En el primer aniversario de la presidencia de Sheinbaum, se reportaron casi mil nuevas desapariciones. A nivel nacional, el número aumentó un 72% respecto al primer año de su predecesor, Andrés Manuel López Obrador: 14,790 personas desaparecidas en 12 meses. Algunos estados están al borde del colapso. Baja California, Campeche y Chiapas se acercan a aumentos de cuatro dígitos. Aguascalientes pasó de nueve desapariciones a 129; el Estado de México de 83 a 2,135.
Aun así, el mensaje del gobierno es optimista. Los homicidios bajan, dice la presidenta. Las detenciones aumentan. Se decomisan armas. Las estadísticas desfilan por las conferencias de prensa como confeti. Faltan los rostros que no encajan en el guion: 133,000 personas oficialmente desaparecidas, una cifra que crece mientras las morgues se convierten en almacenes de anonimato.
En la morgue estatal de Guanajuato, 929 cuerpos yacían sin reclamar en agosto pasado. A nivel nacional, 72,100 cadáveres están almacenados en instalaciones forenses, muchos sin nombre ni familia que los reclame. Son el contrapunto silencioso a los discursos políticos: los cuerpos que no votan, pero que siguen llevando la cuenta.
Buscadores como blanco, justicia como espejismo
La burocracia de la desaparición es en sí una forma de crueldad. Miguel González, hijo de Vázquez, fue sacado de su cama por hombres disfrazados de policías en enero de 2022. Cinco días después, su cabeza apareció en una bolsa negra en Silao. Las autoridades la retuvieron más de un año antes de avisarle. «Si me hubieran mostrado una foto cuando encontraron su cabecita…», contó Vázquez, con la voz quebrada al recordar los dientes que reconoció de una caída infantil. El ADN le dio un cierre en papel, no en la vida.

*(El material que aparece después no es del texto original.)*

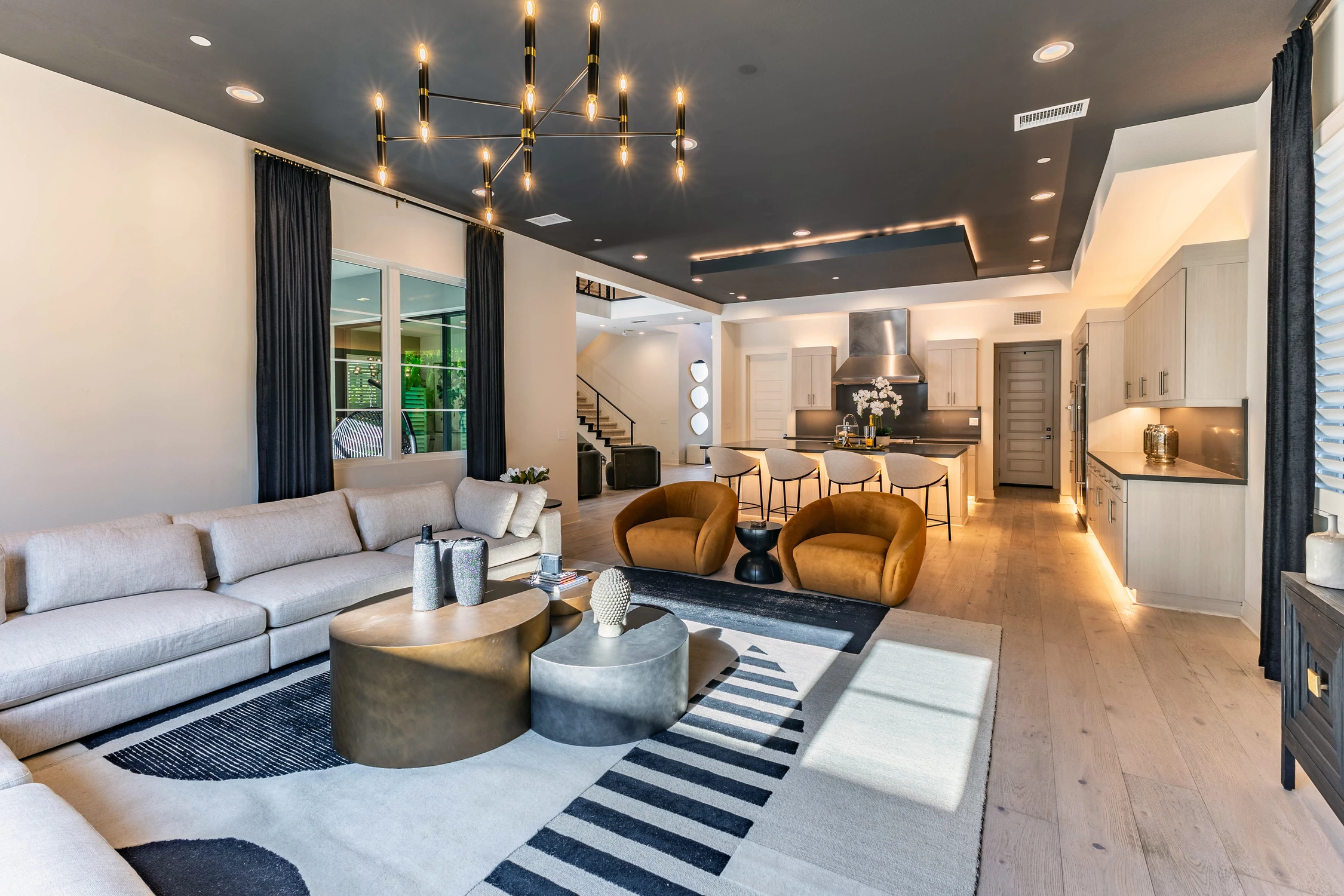 Living room with caramel chairs, sectional, and black media console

Tras sobrevivir a un tiroteo —la metralla la alcanzó mientras las balas rompían una olla de tamales—, Vázquez se unió a Hasta Encontrarte junto a Panchito. Juntos escalaron barrancas, cavaron con palas y manos desnudas, y sacaron cientos de huesos de la tierra. Su colectivo ha recuperado más de 230 cuerpos en dos años.
Ahora, las buscadoras mismas están desapareciendo. Cuatro están desaparecidas solo en Guanajuato; seis han sido asesinadas allí, 26 en todo el país desde 2010, según El País. Durante el primer año de Sheinbaum, tres buscadores destacados —Héctor Aparicio en Veracruz, Luz Lara y Óscar Iván Jiménez en Guanajuato— desaparecieron. Las familias aseguran que los fiscales obstaculizan más de lo que ayudan: retienen expedientes, retrasan procedimientos, dejan pudrir las pistas mientras se multiplican las amenazas.
El Comité de la ONU contra la Desaparición Forzada (CED) ha calificado el delito como “generalizado y sistemático”, con una tasa de impunidad del 99% que hace imposible distinguir dónde termina el Estado y comienza el poder criminal. Invocando el Artículo 34, el comité ha elevado el caso de México ante la Asamblea General de la ONU. En lugar de cooperar, el gobierno mexicano respondió con indignación. «En México no hay desaparición forzada por parte del Estado», insistió Sheinbaum, aunque la complicidad policial aparece una y otra vez, y crímenes emblemáticos como el de los 43 de Ayotzinapa siguen sin resolverse.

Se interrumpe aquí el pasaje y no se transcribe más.